Comparative Example B5: Preparation of a polyester resin using the crosslinked polyol composition of Comparative Example A5

Step 1: Preparation of prepolymer

The neopentyl glycol content was changed from 300.9 g to 258.6 g, the ethylene glycol content was changed from 358.7 g to 336.3 g, the terephthalic acid content was changed from 800 g to 750 g, and instead of 75.7 g of the crosslinked polyol composition of Example A1, A prepolymer of a polyester resin was prepared in the same manner as in the first step of Example B1, except that 161.0 g of the crosslinked polyol composition of Comparative Example A5 was used.

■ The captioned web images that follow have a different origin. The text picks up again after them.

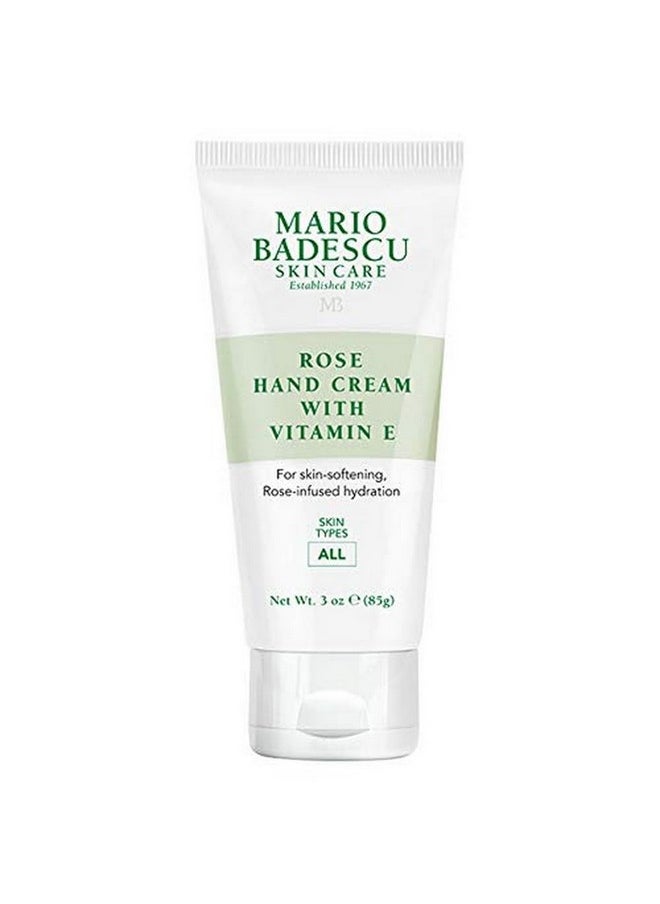 Mario Badescu Rose Hand Cream with Vitamin E for Men and Women, Non-Greasy, Light and Fast-Absorbing Hand Cream for Dry Cracked Hands, Ideal for All Skin Types, 3 Oz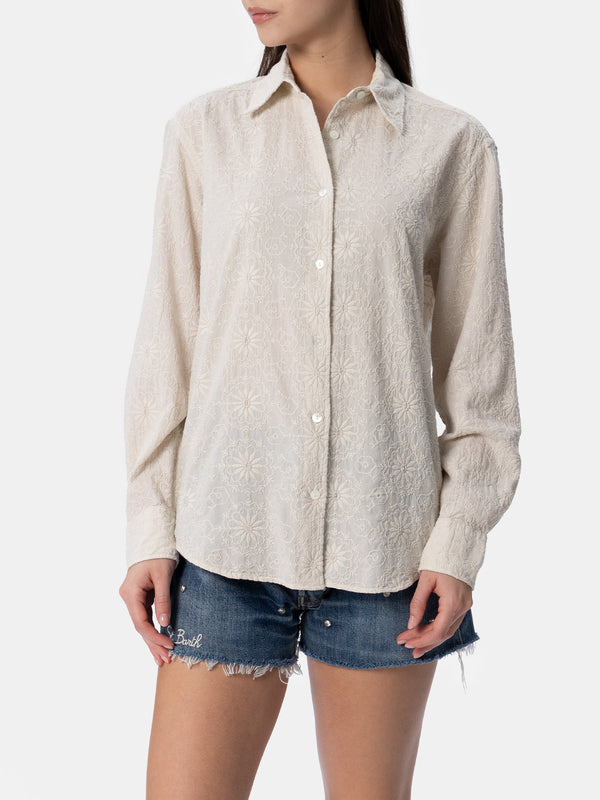 Woman classic Sangallo cotton shirt Meredith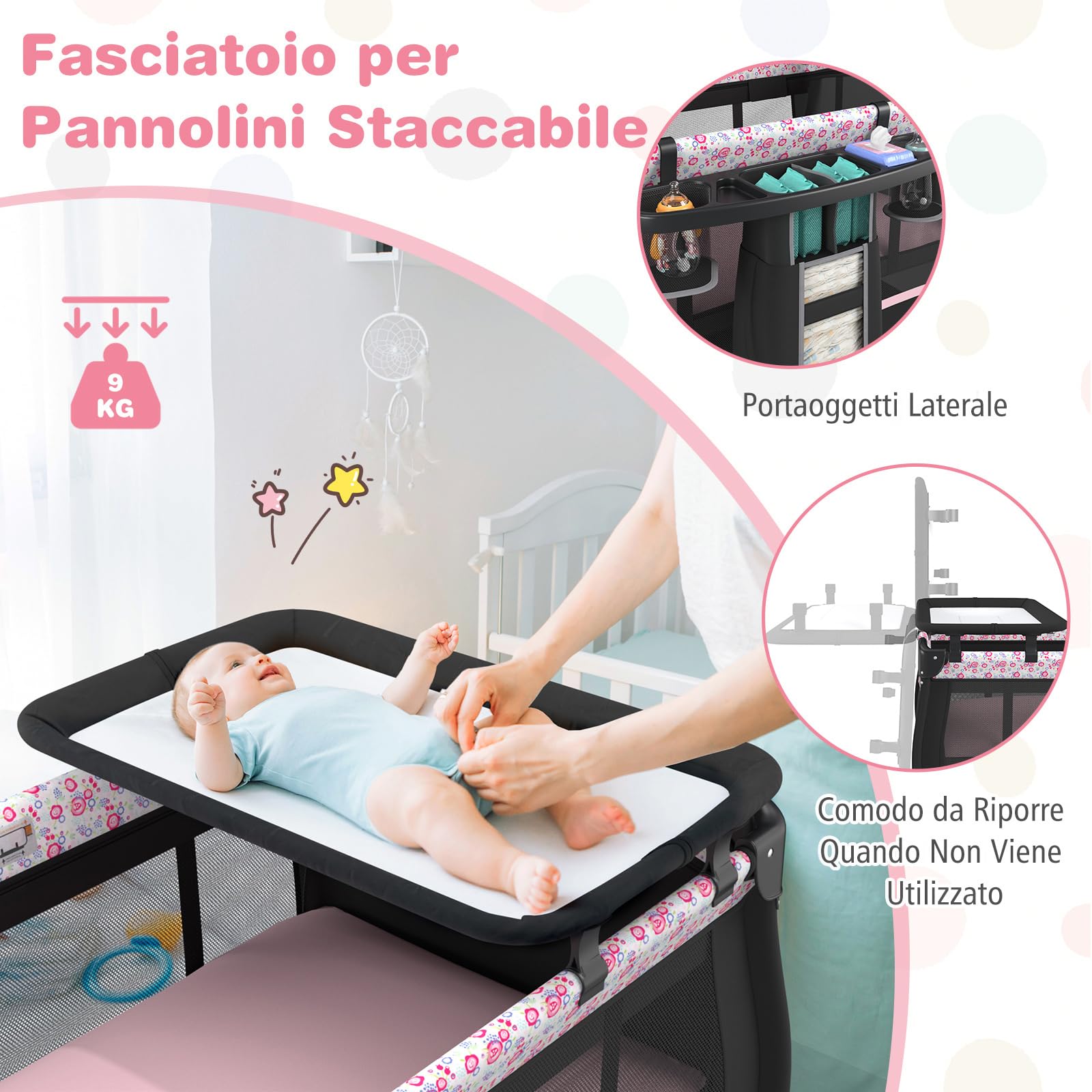 COSTWAY 4 in 1 Lettino Neonato con Materasso, Culla da Campeggio con Fasciatoio Cappottina Regolabile, Ruote Bloccabili, Box Piechevole per Bambini 0-36 Mesi (Fiore Grande)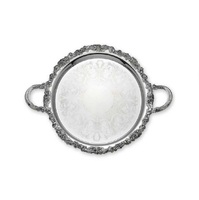 Petit plateau décoratif de luxe en métal de Style arabe personnalisé en acier inoxydable pour servir des aliments et des boissons de forme ronde avec poignées d'utilisation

Step 2: Preparation of polyester resin

A polyester resin was prepared in the same manner as in the second step of Example B1, except that 1,200 g of the prepolymer prepared in the first step was used instead of the prepolymer obtained in the first step of Example B1. . In this case, the prepared polyester resin exhibited an acid value of 56.1 mgKOH/g, a viscosity of 3,330 cPs (measured by Brookfield viscosity at 200°C), and a glass transition temperature of 58.0°C, and the results are shown in Table 1 below.

Comparative Example B6: Preparation of a polyester resin using the crosslinked polyol composition of Comparative Example A6

Step 1: Preparation of prepolymer

The neopentyl glycol content was changed from 300.9 g to 258.6 g, the ethylene glycol content was changed from 358.7 g to 336.3 g, the terephthalic acid content was changed from 800 g to 750 g, and instead of 75.7 g of the crosslinked polyol composition of Example A1, A prepolymer of a polyester resin was prepared in the same manner as in the first step of Example B1, except that 214.4 g of the crosslinked polyol composition of Comparative Example A6 was used.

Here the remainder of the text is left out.